Exercise directions
Skip the pictures. Copy all the rest of the records down exactly.

Entries shown
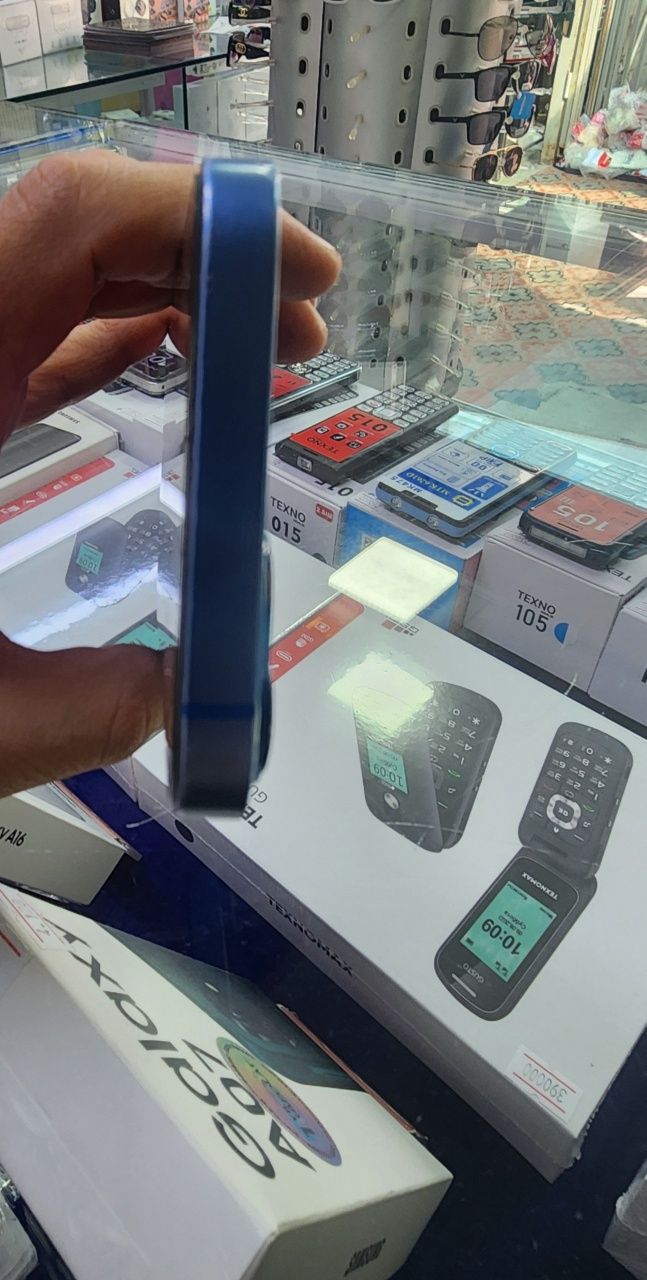 Iphone13 128/74yomks radnoy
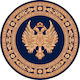Isexan Atlantis 1000 - Orthodoxia Църковен кили...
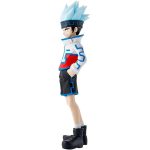 Shaman King - Horohoro [Usui Horokeu] Figure (5.5") - Bandai Spirits [Banpresto] - Image 3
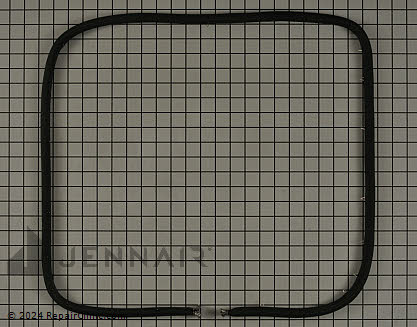 Door Gasket W11675844 Alternate Product View
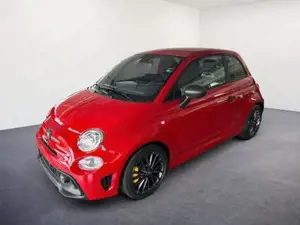 Abarth 695 1.4 180 PS/XENON/BEATS/17Z/NAVI/KLIMA-AUTO 132 ...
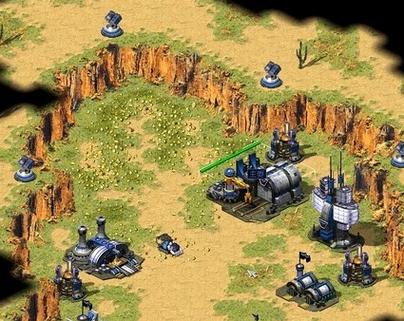 轻松了解红色警戒:兵种分类及阵营特色深度解析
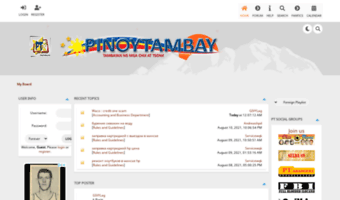 pinoytambay.com
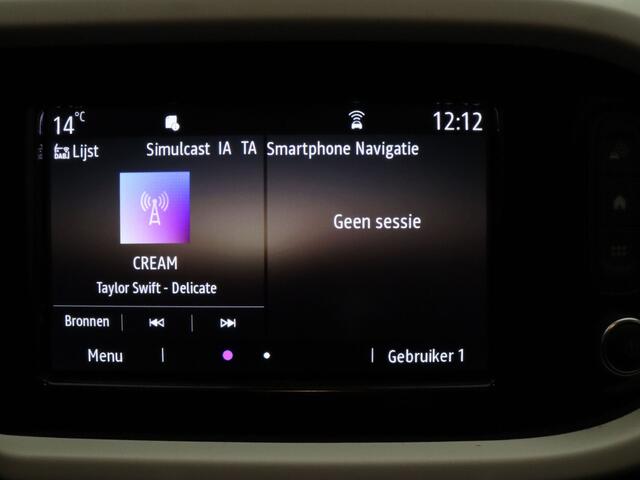 Renault TWINGO Z.E. R80 Collection Automaat Climate | Carplay | Parkeersens. achter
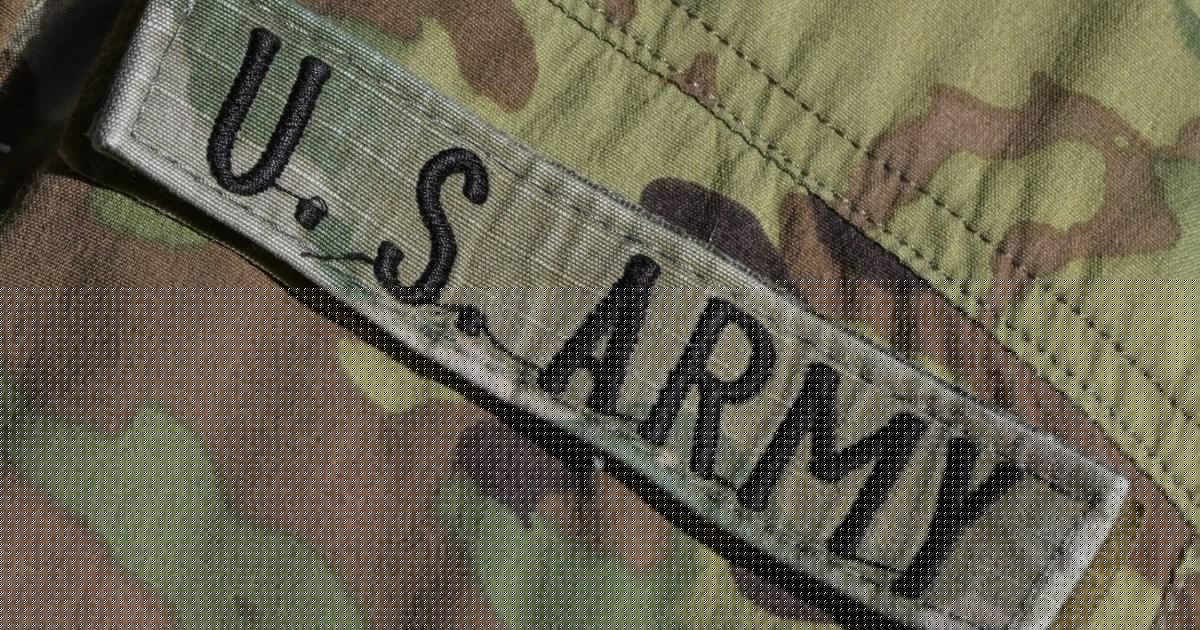 US military is asking staff to email suggestions on how to ‘punish’ Iran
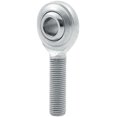 thumbnail image 4 of Allstar Performance ALL58008 0.5 Po. Extrémité de Tige en Acier Main Droite pour Homme, 4 of 4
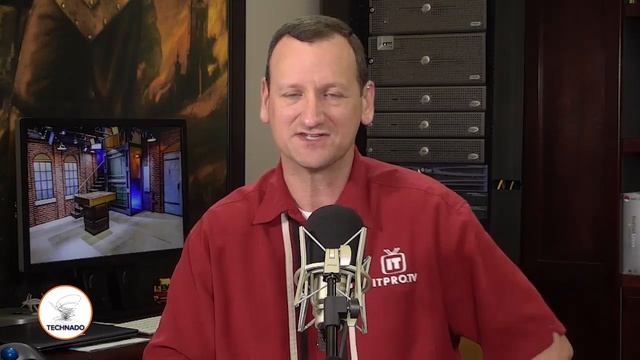 The Technado, Episode 76: Tameika Reed of Women in Linux смотреть онлайн
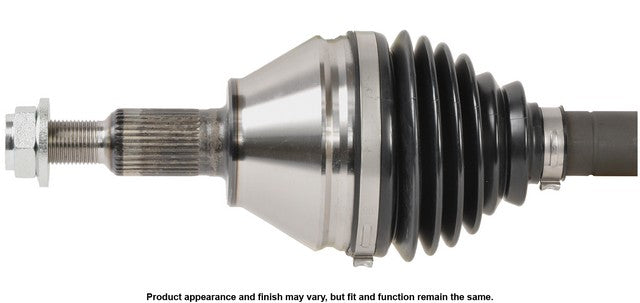 CARDONE New CV Axle Assembly P/N:66-3740HD Fits: Ram 1500 20-12, Ram 1500 Classic 20-19 - Image 3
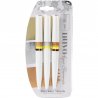 Nuvo Aqua Shimmer - Precious Metals | Tonic Studios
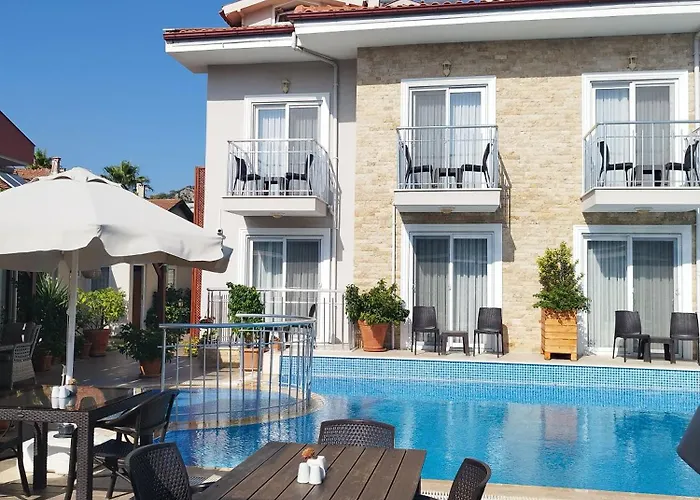 Vespera Hotel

Response area
 Iphone13 128/74yomks radnoy
Isexan Atlantis 1000 - Orthodoxia Църковен кили...
 Shaman King - Horohoro [Usui Horokeu] Figure (5.5") - Bandai Spirits [Banpresto] - Image 3
 Door Gasket W11675844 Alternate Product View
 Abarth 695 1.4 180 PS/XENON/BEATS/17Z/NAVI/KLIMA-AUTO 132 ...
 轻松了解红色警戒:兵种分类及阵营特色深度解析
 pinoytambay.com
 Renault TWINGO Z.E. R80 Collection Automaat Climate | Carplay | Parkeersens. achter
 US military is asking staff to email suggestions on how to ‘punish’ Iran
 thumbnail image 4 of Allstar Performance ALL58008 0.5 Po. Extrémité de Tige en Acier Main Droite pour Homme, 4 of 4
 The Technado, Episode 76: Tameika Reed of Women in Linux смотреть онлайн
 CARDONE New CV Axle Assembly P/N:66-3740HD Fits: Ram 1500 20-12, Ram 1500 Classic 20-19 - Image 3
 Nuvo Aqua Shimmer - Precious Metals | Tonic Studios
 Vespera Hotel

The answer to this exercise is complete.